Work instruction:
Dropping every picture, set down exactly the lines in the entries below, starting with the line with "ピンクの壁の上に立っている誕" and going on through the line with "Close up of".
[Supplied entries]
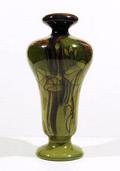 Polychrome earthenware vase with floral decoration executed by de Distel / Amsterdam / the Netherlands ca.1920 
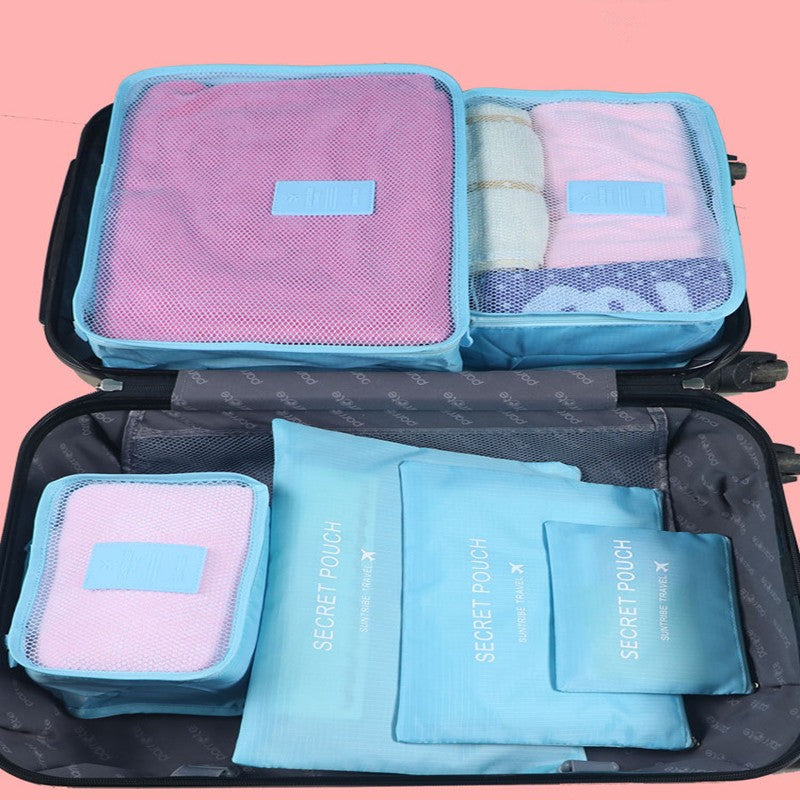 Packing cube set in blue with mesh panels, labeled pouches, and zipper closures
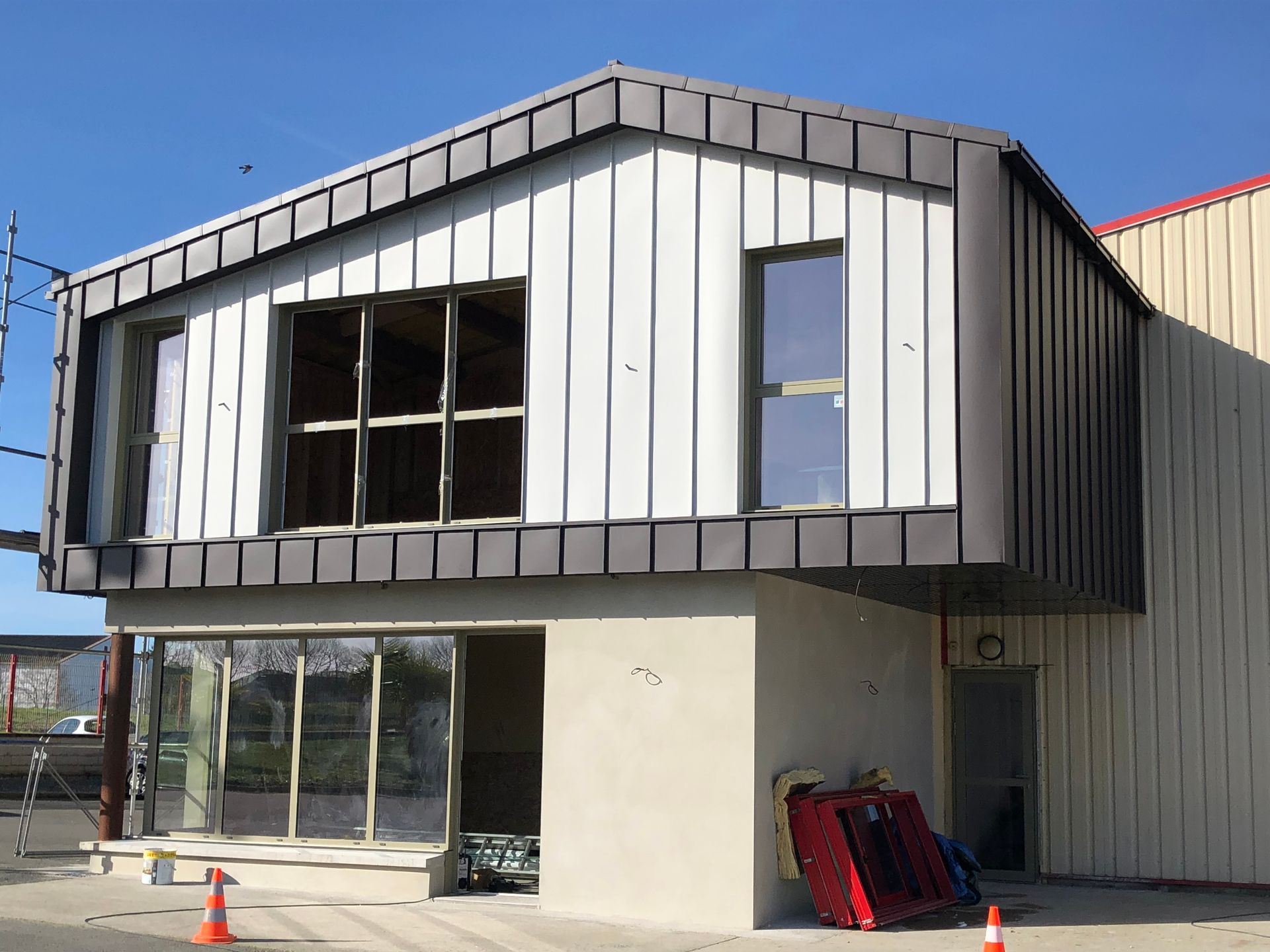 Extérieur du bâtiment, structure à deux étages en construction ; bardage en zinc et aluminium.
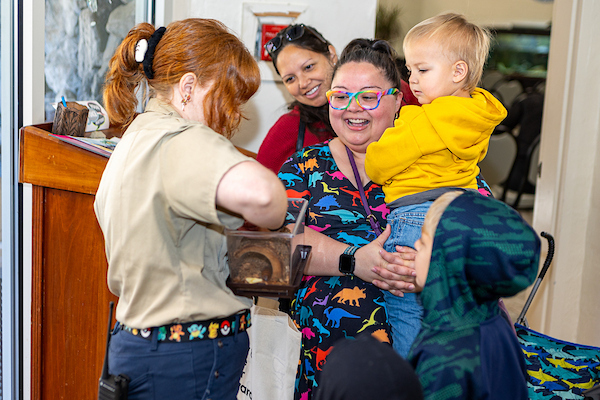 A ranger holds a small plastic animal enclosure up so visitors can see inside.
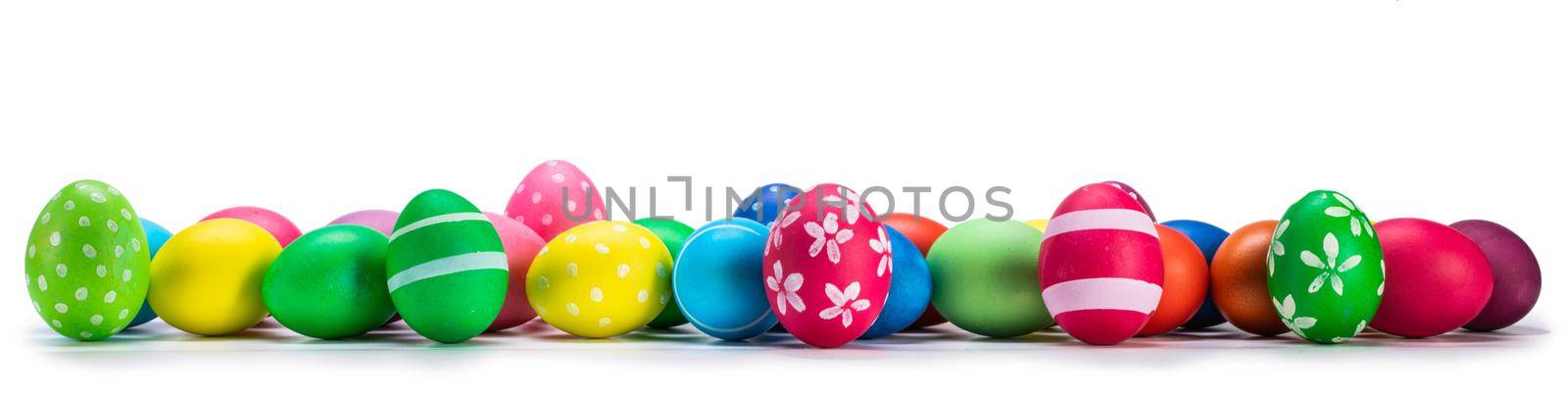 A row of decorated easter eggs isolated on white background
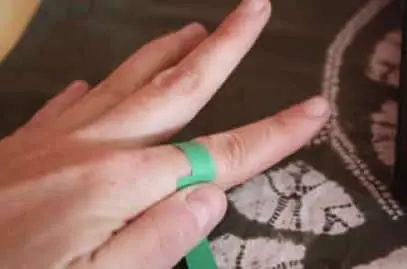 Measuring a finger with a paper strip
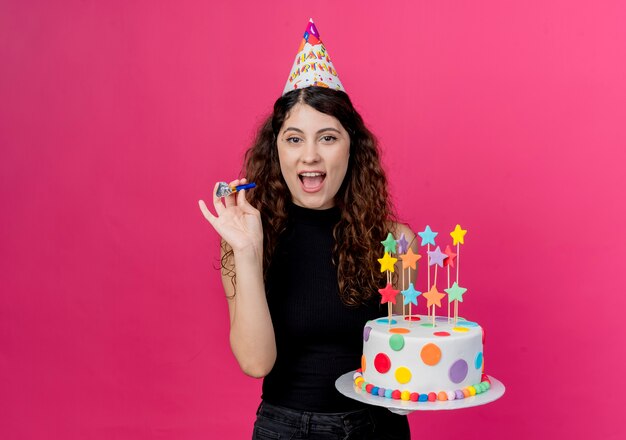 ピンクの壁の上に立っている誕生日ケーキ幸せで興奮した笑顔の誕生日パーティーのコンセプトを保持しているホリデーキャップで巻き毛の若い美しい女性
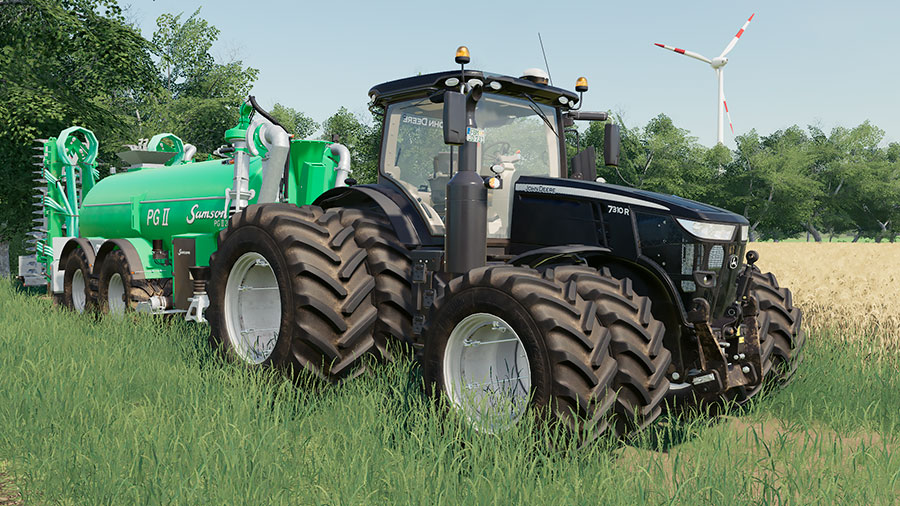 Close up of a black John Deere 7R mod, in front of a Samson PG II slurry tanker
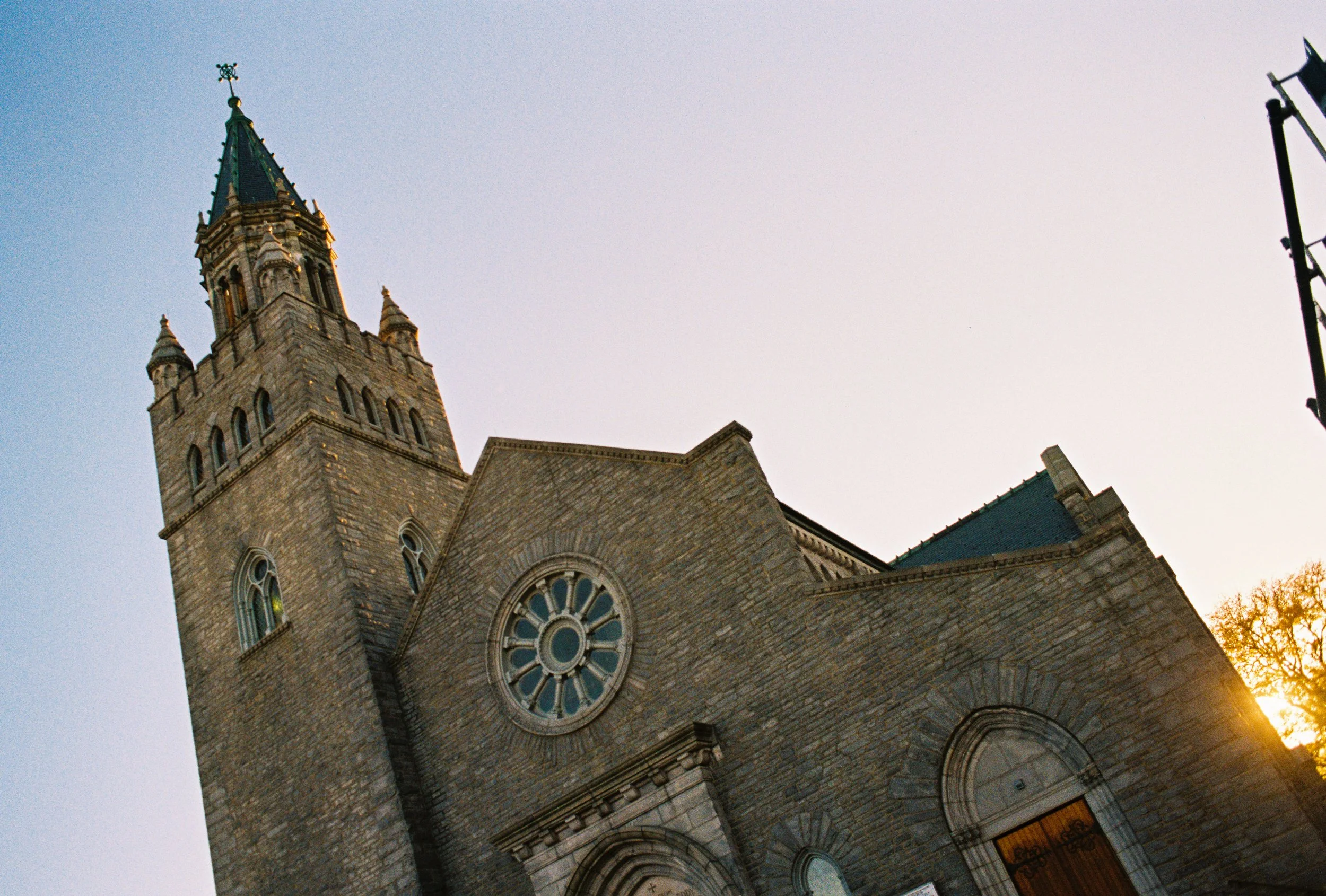 A historic stone church with a tall steeple and round stained glass window, captured at sunset with sunlight peeking from the right side.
[/Supplied entries]
Response to this exercise:
 ピンクの壁の上に立っている誕生日ケーキ幸せで興奮した笑顔の誕生日パーティーのコンセプトを保持しているホリデーキャップで巻き毛の若い美しい女性
 Close up of a black John Deere 7R mod, in front of a Samson PG II slurry tanker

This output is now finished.